DÜZCE (AA) – Düzce’de çocuk yaşta boyunlarına astıkları mezurayla yarım asırdan fazladır terzilik yapan 75 yaşındaki Necati Korkmaz ve 70 yaşındaki Burhan Yemenici, çırak bulamamaktan yakınsalar da gönül verdikleri mesleği yaşatmak için ömürleri vefa ettiği sürece çalışmak istiyor.
Kent merkezindeki dükkanında 15 yaşında adım attığı mesleğini sürdüren Necati Korkmaz, AA muhabirine, usta çırak ilişkisiyle bugünlere geldiğini belirtti.
Korkmaz, çıraklık zamanlarında usta disiplininin bulunduğunu, şimdiki çıraklar gibi kendi başlarına hareket edemediklerini anlatarak, “Bu işler öyle paraya pula bağlı değildi. Meslek öğrenmek gayesiyle ustanın yanında çalıştık.” dedi.
Başkalarının yönlendirmesiyle değil kendi isteğiyle mesleğe başladığını belirten Korkmaz, “Bugünlere kadar geldik. Geçmişte çok çırak yetiştirdim, hepsi gitti, şimdi kalmadı. Yetiştirdiklerimin çoğu dükkan açtı, tekstil işine girdi.” diye konuştu.
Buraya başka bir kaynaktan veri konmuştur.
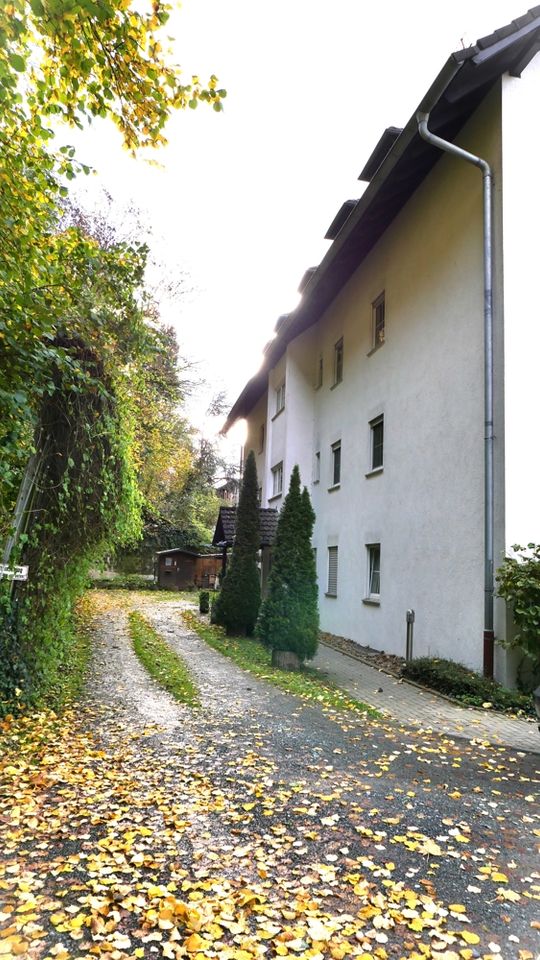 DG - Wohnung mit Blick auf die Lahn, in Wetzlar  - provisionsfrei ! in Wetzlar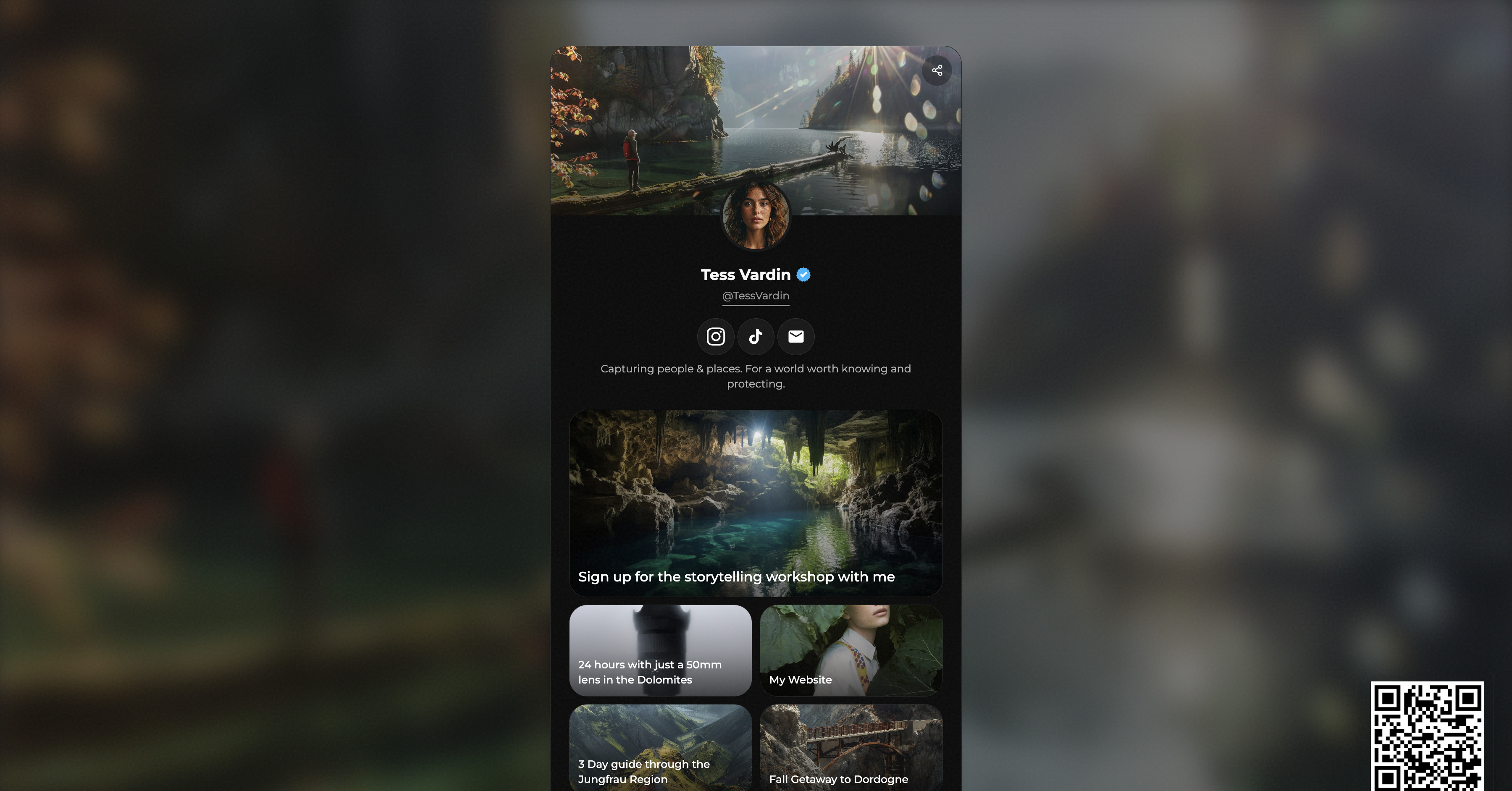 Screenshot 3 of BoringOnePage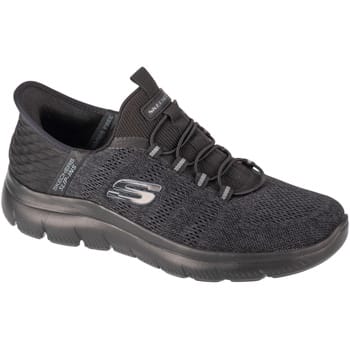 Skechers Summits - Key Pace Heren Instappers - Zwart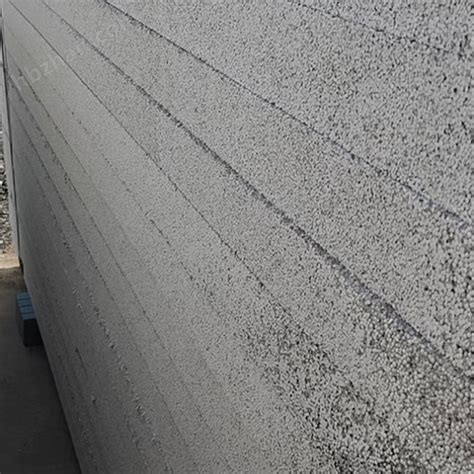 外墙匀质保温板水泥颗粒聚苯板-环保在线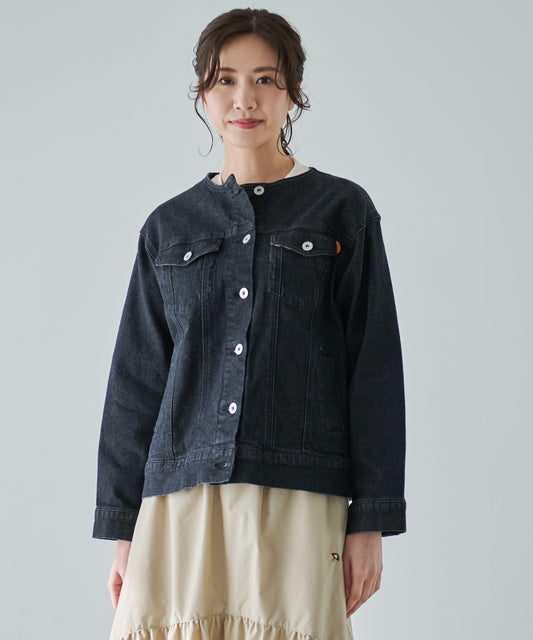 Arnold Palmer カラーレスデニムジャケット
Korkmaz, çıraklık zamanında ayakla çevirmeli makinelerle çalıştıklarını, gelişen tekstil sektörünün bazılarını etkilediğini ama kendisinin çok fazla etkilenmediğini dile getirerek, eskiden takım elbise diktiğini ancak yanında eleman olmadığı için artık tamirat üzerine çalıştığını kaydetti.
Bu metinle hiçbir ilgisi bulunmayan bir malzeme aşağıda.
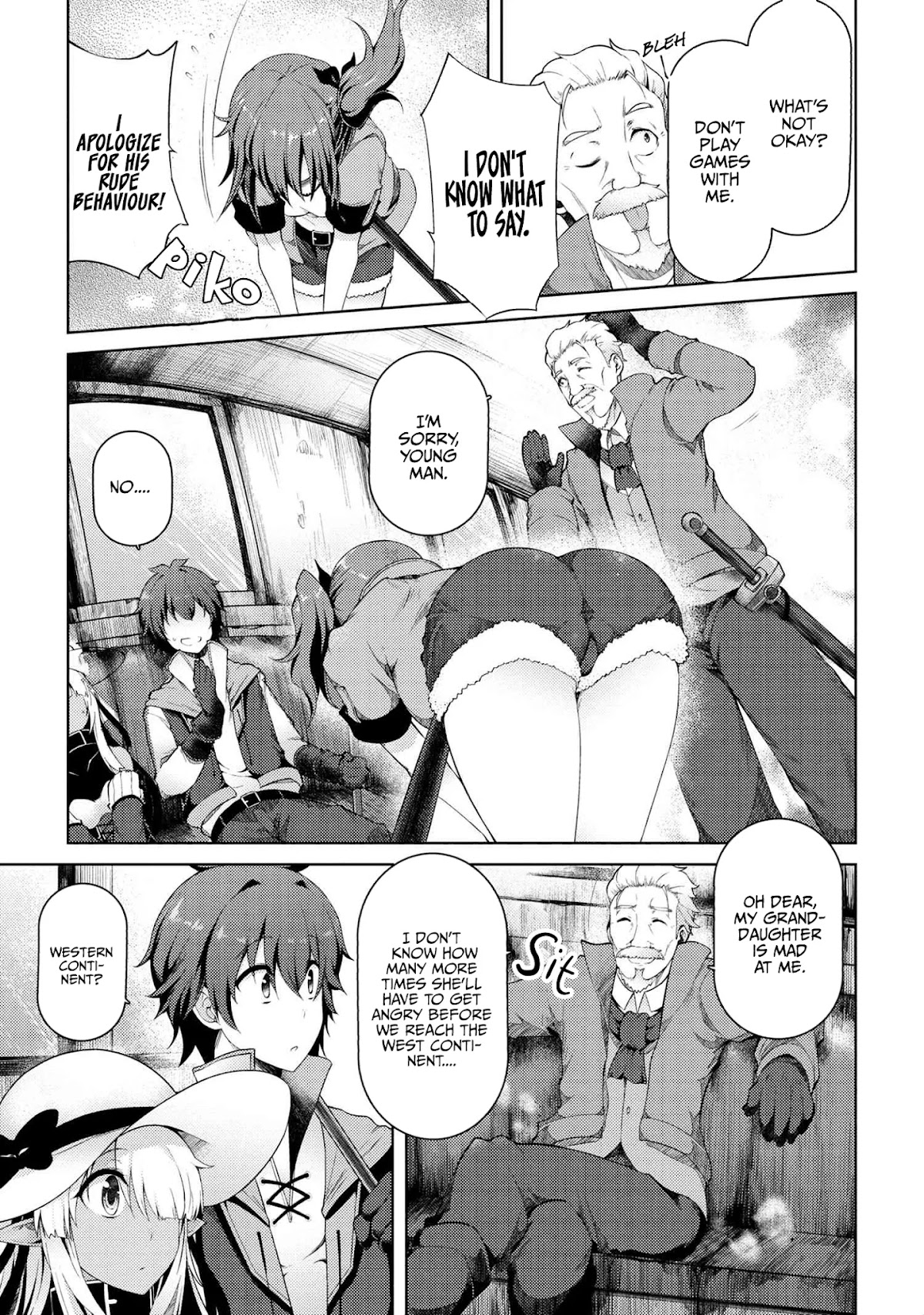 Ie ga Moete Jinsei Dou Demo Yoku Natta kara, Nokotta Nakenashi no Kin de Dark Elf no Dorei o Katta Chapter 6.2 page 5 - Chapter 6.2
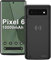 Boîtier de Batterie de Chargeur Pixel 6 10 000 mAh, Chargement sans Fil Qi, Couvercle de Chargement Portable pour étuis de Chargeur de Batterie de téléphone Portable Google Pixel 6 5G
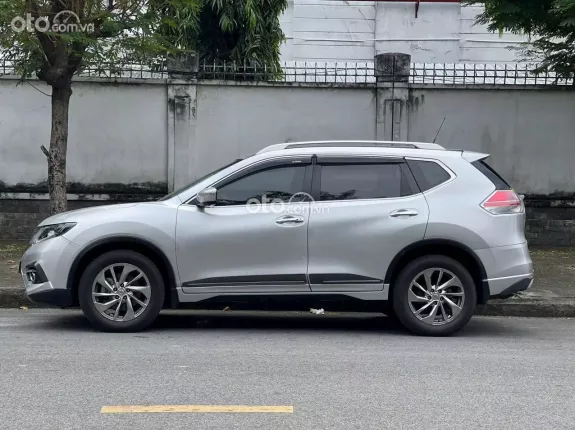 Nissan X trail 2.5 SV 4WD Premium 2019 - Xe tốt - Cam kết chính hãng - Sở hữu ngay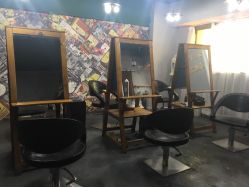 -HG美发设计沙龙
Bazı müşterilerin yaptırdıkları ürünleri dükkanda unuttuklarını söyleyen Korkmaz, 2 sene almayanların olduğunu, sahipleri uzun süre gelmezse ihtiyaç sahiplerine verdiğini anlattı.
Korkmaz, mesleğini severek sürdürdüğünü dile getirerek, “Eskiden nasılsam bugün de aynı değişen bir şey yok. Ben yıllardır ne pazar bilirim ne başka gün, günümün çoğu burada geçer. Öyle başka bir işle de hiç uğraşmadım, mesleğim bu. Bundan başka bir iş bilmem, 60 yıldır aynı mesleğimle devam ediyorum. Severek yaptığım bir iş, o bakımdan hiç tedirginliğim yok, gayet iyi gidiyor.” ifadesini kullandı.
“Eskiden elbiseyi yetiştiremiyorduk, tamir işleri yapmıyorduk”
Akçakoca ilçesinde 13 metrekarelik iş yerinde terzilik yapan Burhan Yemenici, mesleğe ilk adımını 1967 yılında İstanbul’da ağabeyinin yanında çıraklıkla attı.
Bir yıl sonra döndükleri ilçede bir süre ağabeyiyle çalışan, ardından Akçakoca, Karadeniz Ereğli ve Adapazarı’nda ustaların yanında yetişen Yemenici, 1975 yılında kendi iş yerini açtı.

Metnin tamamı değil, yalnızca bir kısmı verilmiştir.